In response to complaints just last year, THS implemented policies surrounding its program. They include a formal checklist — questions to determine whether or not a cat is fit for a barn setting, and questions about the barn itself. Before the cats taken in can be put back on the prowl, they are to remain in an enclosed space in the barn for a couple weeks until they “get used to the environment,” Steinhoff said.

She also added that most of those were already followed, but the society decided to “put something formal in place so there’s no question about what we’re doing.”

Kate Martin and Fred Hayes of Martinwoods Farm, a horse farm in Caledon, estimates they’ve taken in just about 20 stray cats from various animal associations, most of which hide out in a storage barn.

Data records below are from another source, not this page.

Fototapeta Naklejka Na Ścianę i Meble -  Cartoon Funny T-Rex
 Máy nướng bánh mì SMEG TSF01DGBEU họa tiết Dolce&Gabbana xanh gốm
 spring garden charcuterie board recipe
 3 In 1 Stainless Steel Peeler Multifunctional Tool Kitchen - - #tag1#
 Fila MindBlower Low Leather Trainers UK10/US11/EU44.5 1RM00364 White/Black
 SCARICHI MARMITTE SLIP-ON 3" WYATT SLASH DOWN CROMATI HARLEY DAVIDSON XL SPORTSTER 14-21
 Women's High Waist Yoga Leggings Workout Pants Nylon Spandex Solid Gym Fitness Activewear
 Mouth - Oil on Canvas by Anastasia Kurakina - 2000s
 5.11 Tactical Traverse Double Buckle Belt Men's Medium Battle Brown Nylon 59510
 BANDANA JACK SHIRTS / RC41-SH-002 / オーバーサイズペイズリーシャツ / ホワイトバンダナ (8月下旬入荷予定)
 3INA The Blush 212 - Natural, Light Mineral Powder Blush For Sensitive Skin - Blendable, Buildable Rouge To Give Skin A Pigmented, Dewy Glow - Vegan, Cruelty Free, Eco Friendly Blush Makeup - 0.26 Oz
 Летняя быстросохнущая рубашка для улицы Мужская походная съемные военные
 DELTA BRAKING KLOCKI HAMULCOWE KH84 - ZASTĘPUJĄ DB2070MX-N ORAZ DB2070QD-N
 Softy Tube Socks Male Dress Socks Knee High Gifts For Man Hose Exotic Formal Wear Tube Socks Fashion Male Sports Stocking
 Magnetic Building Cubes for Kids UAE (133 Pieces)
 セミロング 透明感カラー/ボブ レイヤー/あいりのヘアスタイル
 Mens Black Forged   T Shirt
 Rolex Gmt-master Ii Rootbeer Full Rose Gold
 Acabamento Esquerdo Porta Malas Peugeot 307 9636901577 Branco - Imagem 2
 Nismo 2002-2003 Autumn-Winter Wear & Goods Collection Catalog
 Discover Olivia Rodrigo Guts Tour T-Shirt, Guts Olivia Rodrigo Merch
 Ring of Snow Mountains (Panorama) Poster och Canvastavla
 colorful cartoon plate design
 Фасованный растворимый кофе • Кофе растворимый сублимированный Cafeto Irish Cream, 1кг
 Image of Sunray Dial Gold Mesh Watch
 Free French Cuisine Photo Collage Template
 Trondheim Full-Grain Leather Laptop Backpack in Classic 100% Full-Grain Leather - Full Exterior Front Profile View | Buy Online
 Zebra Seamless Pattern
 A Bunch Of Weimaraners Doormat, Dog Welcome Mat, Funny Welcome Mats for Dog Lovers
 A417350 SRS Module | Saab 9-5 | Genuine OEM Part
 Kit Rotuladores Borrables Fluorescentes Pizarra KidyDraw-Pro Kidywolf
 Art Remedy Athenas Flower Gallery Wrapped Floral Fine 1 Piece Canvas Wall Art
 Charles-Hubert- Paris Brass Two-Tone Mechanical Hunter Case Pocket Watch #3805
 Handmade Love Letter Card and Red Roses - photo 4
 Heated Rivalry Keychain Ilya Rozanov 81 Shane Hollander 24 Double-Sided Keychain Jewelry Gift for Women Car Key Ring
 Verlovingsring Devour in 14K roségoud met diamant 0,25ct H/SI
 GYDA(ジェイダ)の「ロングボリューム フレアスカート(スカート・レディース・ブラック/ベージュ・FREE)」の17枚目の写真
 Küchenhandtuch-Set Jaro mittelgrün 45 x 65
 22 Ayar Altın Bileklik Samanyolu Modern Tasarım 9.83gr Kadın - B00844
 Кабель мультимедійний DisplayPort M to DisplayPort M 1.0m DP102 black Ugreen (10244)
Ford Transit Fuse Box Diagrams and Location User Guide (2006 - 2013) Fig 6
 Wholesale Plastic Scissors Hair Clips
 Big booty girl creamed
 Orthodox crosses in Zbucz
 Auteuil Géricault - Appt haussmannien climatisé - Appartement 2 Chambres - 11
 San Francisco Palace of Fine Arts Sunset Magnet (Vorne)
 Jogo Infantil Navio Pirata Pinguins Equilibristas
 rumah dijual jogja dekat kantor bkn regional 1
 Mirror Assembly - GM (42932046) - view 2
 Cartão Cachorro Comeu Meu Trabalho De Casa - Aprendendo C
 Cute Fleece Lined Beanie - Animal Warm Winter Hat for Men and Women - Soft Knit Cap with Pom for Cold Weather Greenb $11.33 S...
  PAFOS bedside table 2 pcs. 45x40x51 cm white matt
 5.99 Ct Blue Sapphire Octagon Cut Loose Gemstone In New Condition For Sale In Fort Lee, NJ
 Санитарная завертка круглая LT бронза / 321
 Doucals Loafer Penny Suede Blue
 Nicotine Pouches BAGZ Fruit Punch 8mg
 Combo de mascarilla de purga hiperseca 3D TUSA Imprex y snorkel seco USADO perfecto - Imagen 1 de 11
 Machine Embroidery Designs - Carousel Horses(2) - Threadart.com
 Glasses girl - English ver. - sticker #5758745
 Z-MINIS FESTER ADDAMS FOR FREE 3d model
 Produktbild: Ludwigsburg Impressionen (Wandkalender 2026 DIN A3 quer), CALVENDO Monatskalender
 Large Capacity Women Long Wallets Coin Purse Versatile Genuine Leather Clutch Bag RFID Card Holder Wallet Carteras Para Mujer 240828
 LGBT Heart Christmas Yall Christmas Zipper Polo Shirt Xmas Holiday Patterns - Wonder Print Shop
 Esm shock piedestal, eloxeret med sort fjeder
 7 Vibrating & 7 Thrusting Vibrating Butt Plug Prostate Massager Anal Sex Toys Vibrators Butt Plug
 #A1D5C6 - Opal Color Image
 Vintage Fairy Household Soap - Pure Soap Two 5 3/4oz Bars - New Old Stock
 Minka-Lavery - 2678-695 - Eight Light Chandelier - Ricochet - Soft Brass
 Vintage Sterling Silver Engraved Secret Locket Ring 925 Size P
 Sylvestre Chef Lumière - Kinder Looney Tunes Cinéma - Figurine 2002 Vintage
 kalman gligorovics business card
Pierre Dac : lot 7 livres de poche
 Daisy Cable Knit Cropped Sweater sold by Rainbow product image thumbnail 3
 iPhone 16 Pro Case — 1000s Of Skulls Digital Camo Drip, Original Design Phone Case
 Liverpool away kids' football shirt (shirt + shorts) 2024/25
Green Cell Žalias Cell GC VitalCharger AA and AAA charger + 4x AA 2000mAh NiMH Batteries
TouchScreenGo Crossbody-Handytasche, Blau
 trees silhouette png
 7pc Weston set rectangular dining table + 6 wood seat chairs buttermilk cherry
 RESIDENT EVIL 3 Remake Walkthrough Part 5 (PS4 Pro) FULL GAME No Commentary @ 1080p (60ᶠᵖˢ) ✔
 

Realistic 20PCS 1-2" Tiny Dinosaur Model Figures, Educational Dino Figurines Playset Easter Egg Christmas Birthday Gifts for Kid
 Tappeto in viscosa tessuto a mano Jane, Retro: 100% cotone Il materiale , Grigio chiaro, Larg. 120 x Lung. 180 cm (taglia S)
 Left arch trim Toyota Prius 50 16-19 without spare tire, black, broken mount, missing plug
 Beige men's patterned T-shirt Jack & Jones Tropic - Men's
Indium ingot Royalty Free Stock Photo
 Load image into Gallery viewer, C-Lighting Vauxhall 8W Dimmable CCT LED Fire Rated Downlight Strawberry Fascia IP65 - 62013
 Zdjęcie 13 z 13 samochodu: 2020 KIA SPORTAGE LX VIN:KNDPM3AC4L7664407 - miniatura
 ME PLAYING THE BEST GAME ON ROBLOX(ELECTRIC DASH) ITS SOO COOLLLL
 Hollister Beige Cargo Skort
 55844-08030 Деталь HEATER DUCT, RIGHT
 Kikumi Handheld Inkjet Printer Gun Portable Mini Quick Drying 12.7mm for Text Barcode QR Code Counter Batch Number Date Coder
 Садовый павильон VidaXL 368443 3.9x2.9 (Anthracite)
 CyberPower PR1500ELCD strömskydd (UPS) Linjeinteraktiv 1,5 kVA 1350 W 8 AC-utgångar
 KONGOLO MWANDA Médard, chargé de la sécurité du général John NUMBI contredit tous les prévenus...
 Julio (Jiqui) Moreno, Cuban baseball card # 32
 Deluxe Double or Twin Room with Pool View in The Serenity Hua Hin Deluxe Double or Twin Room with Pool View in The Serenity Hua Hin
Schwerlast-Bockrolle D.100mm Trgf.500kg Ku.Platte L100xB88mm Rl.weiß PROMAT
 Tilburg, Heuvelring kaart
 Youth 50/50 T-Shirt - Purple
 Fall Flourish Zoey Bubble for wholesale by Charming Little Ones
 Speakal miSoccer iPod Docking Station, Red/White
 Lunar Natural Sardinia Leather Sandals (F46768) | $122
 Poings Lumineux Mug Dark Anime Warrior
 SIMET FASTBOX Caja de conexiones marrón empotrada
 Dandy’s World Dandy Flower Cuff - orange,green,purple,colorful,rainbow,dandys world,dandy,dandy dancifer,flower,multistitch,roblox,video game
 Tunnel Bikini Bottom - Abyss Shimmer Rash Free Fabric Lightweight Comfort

“Livestock and cats get along phenomenally,” Hayes said inside one of his horse barns, as Enrique, a large beige cat, hopped from stall to stall, snuggling up to the horses. “We stock a lot of feed in these barns — the cats, without them, the mice would be eating the bags open, and it would just be a nightmare here.”

Back at the industrial park, both Rossi and Cicca de Marco point to Teddy and Cheddar’s size and apparent health.

When asked just what makes humans so passionate about animals — birds, small mammals or cats — Rossi’s answer is simple. “It’s our need to nurture.”